::: Extracted records

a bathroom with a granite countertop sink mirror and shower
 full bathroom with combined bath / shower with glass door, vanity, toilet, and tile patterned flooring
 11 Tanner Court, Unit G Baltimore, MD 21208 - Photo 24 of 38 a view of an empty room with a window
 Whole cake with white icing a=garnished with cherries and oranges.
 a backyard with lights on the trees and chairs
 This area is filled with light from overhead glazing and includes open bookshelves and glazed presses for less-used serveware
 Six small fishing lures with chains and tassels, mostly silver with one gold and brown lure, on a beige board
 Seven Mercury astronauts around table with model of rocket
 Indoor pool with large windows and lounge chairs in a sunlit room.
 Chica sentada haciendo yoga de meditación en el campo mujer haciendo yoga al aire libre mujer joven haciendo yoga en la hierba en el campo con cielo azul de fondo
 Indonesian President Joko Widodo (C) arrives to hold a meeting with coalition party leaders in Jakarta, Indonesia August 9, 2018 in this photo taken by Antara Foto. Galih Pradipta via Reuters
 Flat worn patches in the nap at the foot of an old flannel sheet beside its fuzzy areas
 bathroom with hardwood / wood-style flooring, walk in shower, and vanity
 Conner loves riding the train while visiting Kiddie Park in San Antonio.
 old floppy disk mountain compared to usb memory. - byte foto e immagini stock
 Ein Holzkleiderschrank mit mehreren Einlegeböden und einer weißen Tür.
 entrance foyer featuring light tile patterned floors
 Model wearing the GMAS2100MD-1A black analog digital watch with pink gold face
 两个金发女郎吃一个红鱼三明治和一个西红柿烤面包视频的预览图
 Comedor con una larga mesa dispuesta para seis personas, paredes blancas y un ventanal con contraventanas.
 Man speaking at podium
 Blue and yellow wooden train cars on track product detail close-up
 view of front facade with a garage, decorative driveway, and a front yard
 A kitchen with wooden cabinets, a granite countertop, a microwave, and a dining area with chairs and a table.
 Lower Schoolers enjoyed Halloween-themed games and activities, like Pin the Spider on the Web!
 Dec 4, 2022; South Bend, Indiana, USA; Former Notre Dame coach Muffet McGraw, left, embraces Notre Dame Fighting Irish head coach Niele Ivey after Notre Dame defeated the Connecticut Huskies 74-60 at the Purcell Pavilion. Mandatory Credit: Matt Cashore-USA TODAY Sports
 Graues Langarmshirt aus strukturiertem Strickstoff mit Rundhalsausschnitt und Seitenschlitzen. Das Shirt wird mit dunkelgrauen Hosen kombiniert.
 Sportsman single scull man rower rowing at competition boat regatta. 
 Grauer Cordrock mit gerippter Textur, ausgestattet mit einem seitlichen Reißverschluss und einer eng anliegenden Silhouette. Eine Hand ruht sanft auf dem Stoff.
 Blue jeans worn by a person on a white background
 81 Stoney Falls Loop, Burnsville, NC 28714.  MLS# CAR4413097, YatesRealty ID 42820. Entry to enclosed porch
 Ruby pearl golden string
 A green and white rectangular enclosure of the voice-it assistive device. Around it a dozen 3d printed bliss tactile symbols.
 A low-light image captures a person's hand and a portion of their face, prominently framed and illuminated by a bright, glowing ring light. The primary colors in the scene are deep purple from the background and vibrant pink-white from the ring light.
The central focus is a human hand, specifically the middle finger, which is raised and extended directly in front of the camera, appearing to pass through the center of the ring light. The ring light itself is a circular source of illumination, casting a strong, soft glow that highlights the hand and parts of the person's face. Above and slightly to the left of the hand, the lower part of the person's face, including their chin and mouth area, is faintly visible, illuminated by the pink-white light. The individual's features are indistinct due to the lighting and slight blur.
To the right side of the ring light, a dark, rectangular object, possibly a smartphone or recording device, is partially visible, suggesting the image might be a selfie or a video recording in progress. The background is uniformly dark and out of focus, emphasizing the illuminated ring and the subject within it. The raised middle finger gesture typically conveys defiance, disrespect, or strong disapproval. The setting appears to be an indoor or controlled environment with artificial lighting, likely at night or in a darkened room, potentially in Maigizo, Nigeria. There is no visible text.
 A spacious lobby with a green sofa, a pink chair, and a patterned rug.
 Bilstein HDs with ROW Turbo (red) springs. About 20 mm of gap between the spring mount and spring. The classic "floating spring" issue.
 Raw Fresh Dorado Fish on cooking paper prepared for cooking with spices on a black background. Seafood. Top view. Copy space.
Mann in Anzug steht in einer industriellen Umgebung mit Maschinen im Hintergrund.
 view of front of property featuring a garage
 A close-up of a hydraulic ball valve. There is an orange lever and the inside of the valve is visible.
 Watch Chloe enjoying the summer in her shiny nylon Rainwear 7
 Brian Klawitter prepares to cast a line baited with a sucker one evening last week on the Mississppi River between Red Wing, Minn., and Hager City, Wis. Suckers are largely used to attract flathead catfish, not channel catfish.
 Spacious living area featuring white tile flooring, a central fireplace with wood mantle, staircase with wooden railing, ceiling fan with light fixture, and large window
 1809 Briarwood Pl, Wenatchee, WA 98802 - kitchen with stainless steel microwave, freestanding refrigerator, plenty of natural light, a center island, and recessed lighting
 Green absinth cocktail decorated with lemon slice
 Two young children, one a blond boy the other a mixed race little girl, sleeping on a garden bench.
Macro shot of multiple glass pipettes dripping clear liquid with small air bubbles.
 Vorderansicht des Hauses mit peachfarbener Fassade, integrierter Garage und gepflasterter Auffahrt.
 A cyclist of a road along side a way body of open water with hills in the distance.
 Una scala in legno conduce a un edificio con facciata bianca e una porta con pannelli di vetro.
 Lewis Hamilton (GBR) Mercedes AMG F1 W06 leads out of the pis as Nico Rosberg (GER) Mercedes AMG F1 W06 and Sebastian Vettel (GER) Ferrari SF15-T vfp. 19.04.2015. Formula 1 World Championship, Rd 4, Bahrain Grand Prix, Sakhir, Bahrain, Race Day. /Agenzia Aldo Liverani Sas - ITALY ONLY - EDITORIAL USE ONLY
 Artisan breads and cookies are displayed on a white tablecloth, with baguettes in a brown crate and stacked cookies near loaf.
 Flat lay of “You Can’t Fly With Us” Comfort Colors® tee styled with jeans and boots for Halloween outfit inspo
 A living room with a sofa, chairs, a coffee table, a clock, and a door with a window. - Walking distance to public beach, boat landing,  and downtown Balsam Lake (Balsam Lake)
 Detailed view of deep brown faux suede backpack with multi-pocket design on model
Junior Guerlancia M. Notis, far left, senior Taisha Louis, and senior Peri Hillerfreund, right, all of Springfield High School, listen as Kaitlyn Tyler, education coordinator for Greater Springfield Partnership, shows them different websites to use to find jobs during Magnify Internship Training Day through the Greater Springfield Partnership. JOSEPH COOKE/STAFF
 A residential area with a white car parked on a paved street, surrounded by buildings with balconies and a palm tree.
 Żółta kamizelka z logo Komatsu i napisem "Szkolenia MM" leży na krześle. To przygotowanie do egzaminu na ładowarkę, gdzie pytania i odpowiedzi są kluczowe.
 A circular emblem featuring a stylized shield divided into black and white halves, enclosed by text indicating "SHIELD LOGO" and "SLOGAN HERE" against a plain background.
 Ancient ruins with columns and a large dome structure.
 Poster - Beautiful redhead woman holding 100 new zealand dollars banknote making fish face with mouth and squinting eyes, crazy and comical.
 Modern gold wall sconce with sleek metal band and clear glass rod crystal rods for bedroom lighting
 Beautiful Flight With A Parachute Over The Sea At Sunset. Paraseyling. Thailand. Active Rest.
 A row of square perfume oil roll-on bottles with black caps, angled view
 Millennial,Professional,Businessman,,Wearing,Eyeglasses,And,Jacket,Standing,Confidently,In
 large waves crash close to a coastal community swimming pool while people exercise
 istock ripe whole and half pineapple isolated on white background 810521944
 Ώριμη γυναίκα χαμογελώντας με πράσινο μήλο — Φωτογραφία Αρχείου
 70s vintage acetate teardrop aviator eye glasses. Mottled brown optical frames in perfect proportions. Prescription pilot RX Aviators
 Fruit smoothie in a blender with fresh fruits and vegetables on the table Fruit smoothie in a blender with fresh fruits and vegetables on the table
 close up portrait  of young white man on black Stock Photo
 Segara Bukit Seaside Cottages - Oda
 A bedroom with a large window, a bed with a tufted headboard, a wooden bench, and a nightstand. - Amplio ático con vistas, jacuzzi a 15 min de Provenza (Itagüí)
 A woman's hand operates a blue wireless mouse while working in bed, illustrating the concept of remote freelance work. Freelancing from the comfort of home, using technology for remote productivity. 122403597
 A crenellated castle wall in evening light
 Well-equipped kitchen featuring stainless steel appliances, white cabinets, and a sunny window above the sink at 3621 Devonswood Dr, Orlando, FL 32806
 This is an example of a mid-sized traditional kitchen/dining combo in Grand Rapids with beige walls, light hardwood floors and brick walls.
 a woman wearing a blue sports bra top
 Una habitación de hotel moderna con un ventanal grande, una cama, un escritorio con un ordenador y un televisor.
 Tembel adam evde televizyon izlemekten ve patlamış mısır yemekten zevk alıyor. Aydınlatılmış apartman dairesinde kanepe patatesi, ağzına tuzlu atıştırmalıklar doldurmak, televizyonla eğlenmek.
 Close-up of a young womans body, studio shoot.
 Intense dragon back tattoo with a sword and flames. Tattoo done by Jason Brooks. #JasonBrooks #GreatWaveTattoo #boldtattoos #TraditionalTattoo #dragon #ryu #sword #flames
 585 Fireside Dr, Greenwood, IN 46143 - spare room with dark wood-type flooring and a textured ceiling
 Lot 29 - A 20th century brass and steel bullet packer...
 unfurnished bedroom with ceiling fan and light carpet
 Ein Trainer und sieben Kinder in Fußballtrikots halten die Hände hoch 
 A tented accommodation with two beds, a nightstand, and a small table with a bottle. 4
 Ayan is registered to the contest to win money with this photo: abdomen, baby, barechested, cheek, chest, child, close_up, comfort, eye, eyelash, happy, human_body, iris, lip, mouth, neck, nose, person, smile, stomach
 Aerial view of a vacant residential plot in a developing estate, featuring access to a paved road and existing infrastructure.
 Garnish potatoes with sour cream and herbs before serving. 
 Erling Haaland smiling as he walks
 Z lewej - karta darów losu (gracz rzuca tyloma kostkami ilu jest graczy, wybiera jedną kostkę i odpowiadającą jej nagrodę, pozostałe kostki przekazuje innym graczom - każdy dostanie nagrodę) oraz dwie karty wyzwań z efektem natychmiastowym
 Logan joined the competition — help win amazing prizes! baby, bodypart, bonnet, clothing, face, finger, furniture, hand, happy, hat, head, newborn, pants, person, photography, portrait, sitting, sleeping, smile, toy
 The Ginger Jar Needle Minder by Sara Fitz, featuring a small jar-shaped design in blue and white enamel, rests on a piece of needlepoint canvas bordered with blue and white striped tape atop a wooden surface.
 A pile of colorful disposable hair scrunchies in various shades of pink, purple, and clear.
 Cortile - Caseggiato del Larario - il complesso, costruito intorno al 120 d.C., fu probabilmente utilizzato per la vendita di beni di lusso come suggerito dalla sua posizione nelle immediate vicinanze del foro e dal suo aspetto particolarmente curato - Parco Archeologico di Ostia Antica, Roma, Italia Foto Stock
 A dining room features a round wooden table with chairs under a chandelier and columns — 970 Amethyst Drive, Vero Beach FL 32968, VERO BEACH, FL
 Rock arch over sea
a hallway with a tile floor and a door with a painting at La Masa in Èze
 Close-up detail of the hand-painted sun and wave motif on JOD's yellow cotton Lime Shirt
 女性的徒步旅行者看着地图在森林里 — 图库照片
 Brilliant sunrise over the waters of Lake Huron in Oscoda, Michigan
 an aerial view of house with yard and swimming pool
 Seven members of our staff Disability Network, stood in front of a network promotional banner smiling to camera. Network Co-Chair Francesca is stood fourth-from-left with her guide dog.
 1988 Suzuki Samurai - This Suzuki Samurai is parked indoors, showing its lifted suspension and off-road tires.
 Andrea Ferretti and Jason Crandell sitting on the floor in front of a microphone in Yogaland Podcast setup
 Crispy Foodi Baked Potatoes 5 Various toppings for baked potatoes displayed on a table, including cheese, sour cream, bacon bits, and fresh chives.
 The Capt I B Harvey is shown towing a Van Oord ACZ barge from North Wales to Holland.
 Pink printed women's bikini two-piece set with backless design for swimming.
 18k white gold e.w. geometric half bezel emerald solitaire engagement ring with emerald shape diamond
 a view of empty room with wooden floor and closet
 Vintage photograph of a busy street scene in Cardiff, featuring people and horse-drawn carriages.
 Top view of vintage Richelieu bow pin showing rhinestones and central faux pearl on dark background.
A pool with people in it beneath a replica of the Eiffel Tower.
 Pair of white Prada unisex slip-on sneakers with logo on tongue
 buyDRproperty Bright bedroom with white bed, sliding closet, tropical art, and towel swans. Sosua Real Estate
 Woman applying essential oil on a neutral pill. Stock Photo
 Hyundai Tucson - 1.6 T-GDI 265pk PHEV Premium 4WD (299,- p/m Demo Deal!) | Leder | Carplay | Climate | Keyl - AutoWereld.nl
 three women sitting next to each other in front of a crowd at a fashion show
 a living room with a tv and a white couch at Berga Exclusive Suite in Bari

::::::

What you have to do -
Please transcribe only the lines in the records above running from the line that has "an aerial view" through the line that has "Vintage photograph of", both included, exactly as they appear.

Output of the exercise -
 an aerial view of house with yard and swimming pool
 Seven members of our staff Disability Network, stood in front of a network promotional banner smiling to camera. Network Co-Chair Francesca is stood fourth-from-left with her guide dog.
 1988 Suzuki Samurai - This Suzuki Samurai is parked indoors, showing its lifted suspension and off-road tires.
 Andrea Ferretti and Jason Crandell sitting on the floor in front of a microphone in Yogaland Podcast setup
 Crispy Foodi Baked Potatoes 5 Various toppings for baked potatoes displayed on a table, including cheese, sour cream, bacon bits, and fresh chives.
 The Capt I B Harvey is shown towing a Van Oord ACZ barge from North Wales to Holland.
 Pink printed women's bikini two-piece set with backless design for swimming.
 18k white gold e.w. geometric half bezel emerald solitaire engagement ring with emerald shape diamond
 a view of empty room with wooden floor and closet
 Vintage photograph of a busy street scene in Cardiff, featuring people and horse-drawn carriages.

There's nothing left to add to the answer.